Zander betrachtet die Anthroposophie als „ein Kind des Protestantismus“ (189). Die Gründe dafür seien historischer Natur: Offensichtlich erwies sich die Anthroposophie als passgenau zu der im 19. Jahrhundert aufkommenden neuprotestantischen Tendenz, das Individuum der Kirche vorzuordnen und die kognitive Seite von Religion zu betonen. Damit konnten Steiners Auffassungen das bürgerlich-protestantische Milieu erfassen. Hinzu kam der Anfang des 20. Jahrhunderts aufkommende Wunsch nach Emotionalität und religiösem Gefühl – ein Anliegen, das den ersten „Erzoberlenker“ der CG, Friedrich Rittelmeyer, von der liberalen Theologie schließlich zur Anthroposophie Steiners führte. Nicht zuletzt die Vielzahl anthroposophischer Verlage, Publikationen und Periodika gibt sie – so Zander – als „Leseweltanschauung mit Wurzeln im protestantischen Bildungsbürgertum“ (195) zu erkennen. Deutlich werden indes die Schattenseiten der Steiner‘schen Weltanschauung, etwa beim Stichwort „Rassen/Rassismus“, benannt. Es dürfte – wie der Autor vermutet – kein Zufall sein, dass die Anthroposophie bei etlichen Reichsbürgern aufgrund von Steiners deutsch-nationalen Aussagen und nicht zuletzt wegen der Themen Direktdemokratie und Grundeinkommensforderung hoch im Kurs steht (203).

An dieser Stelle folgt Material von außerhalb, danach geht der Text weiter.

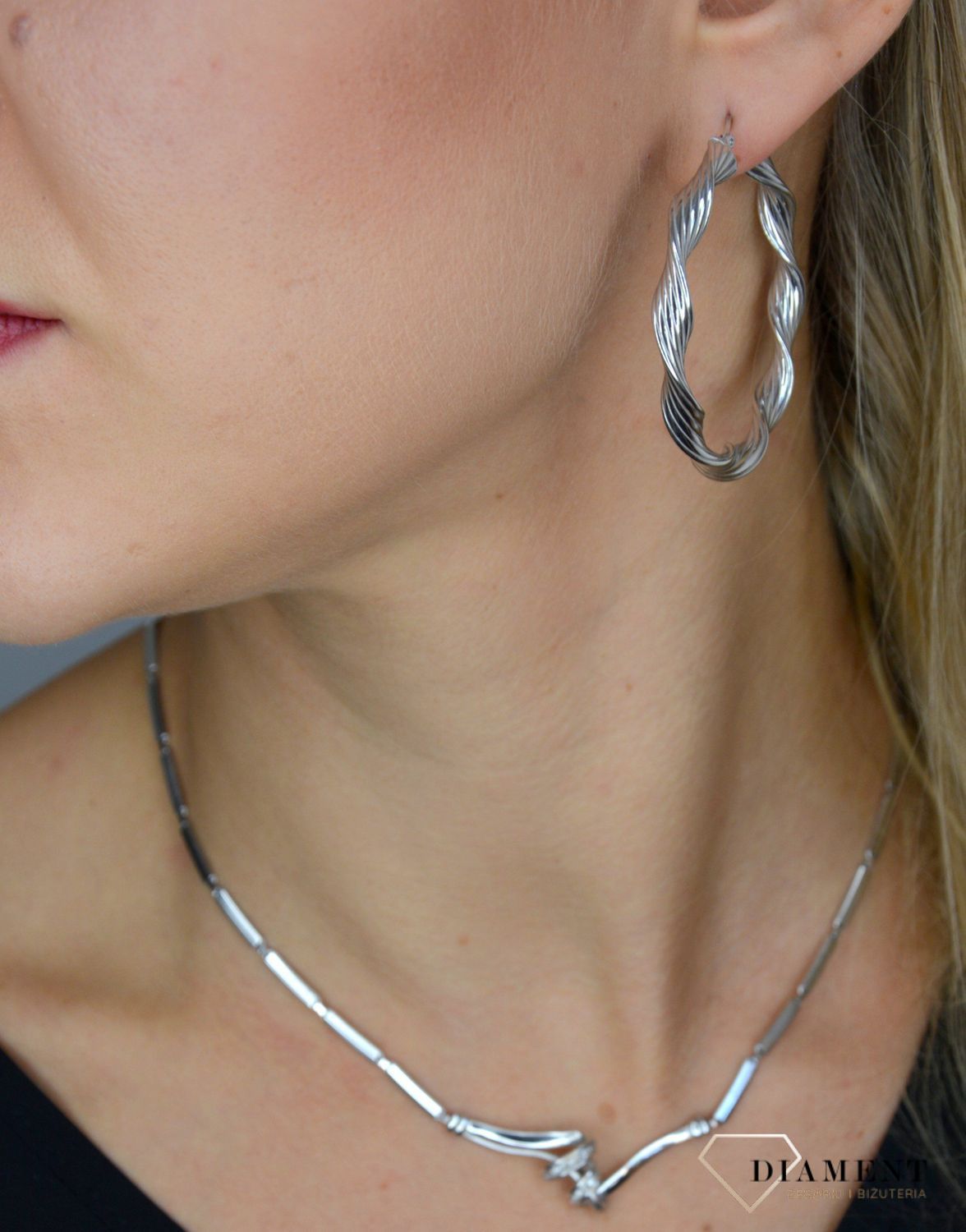 Złoty naszyjnik DIAMENT 585 Białe złoto z cyrkoniami DIS-NSZ-1368-585.jpg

Die Reinkarnationsidee Steiners ist eingebettet in eine Fortentwicklungsgeschichte zum Geistigen. Dies hat eine radikale Autonomie beim Menschen zur Folge. Zander konstatiert: Aus anthroposophischer Sicht ist der Mensch für sein Schicksal selbst verantwortlich. „Konkret: Wenn 500 Menschen bei einem Theaterbrand umkommen, haben sie, so Steiner, im letzten Leben etwas verbrochen und bestrafen sich jetzt selbst oder bereiten sich auf eine bessere künftige Existenz vor und tun sich mit dem Feuertod etwas Gutes“ (207). Hilfreich ist die Auflistung mehrerer „anthroposophischer Firmen“ (229-234).
Rund 30 Seiten befassen sich mit dem bekanntesten anthroposophischen Praxisfeld, der Waldorfpädagogik (239-270). Der Autor würdigt ihre positiven, aber auch negativen Aspekte. Dabei ist er sich des Dilemmas seiner Analyse bewusst: „Viele Kritiker werden die Darstellung der positiven Seiten als Ausdruck meiner Blindheit sehen und viele Anthroposophen angesichts der Kritik nichts als eine chronique scandaleuse“ (244). Vielen Eltern ist, wenn sie ihr Kind auf die Waldorfschule schicken, deren weltanschaulicher Hintergrund nicht bewusst. Gerade dieser Abschnitt ist besonders empfehlenswert, gibt er doch – umsichtig und differenziert – wichtige Hintergrundinformationen zur eigenen Urteilsbildung an die Hand.
Zanders Buch, das ein ausführliches Stichwortregister und mehrere Abbildungen enthält, bietet zahlreiche Detailinformationen zu anthroposophischen Praxisfeldern und Initiativen, die man anderswo vergeblich sucht. Wer mehr über das aktuelle Erscheinungsbild der Anthroposophischen Bewegung wissen möchte, kommt an diesem Werk nicht vorbei.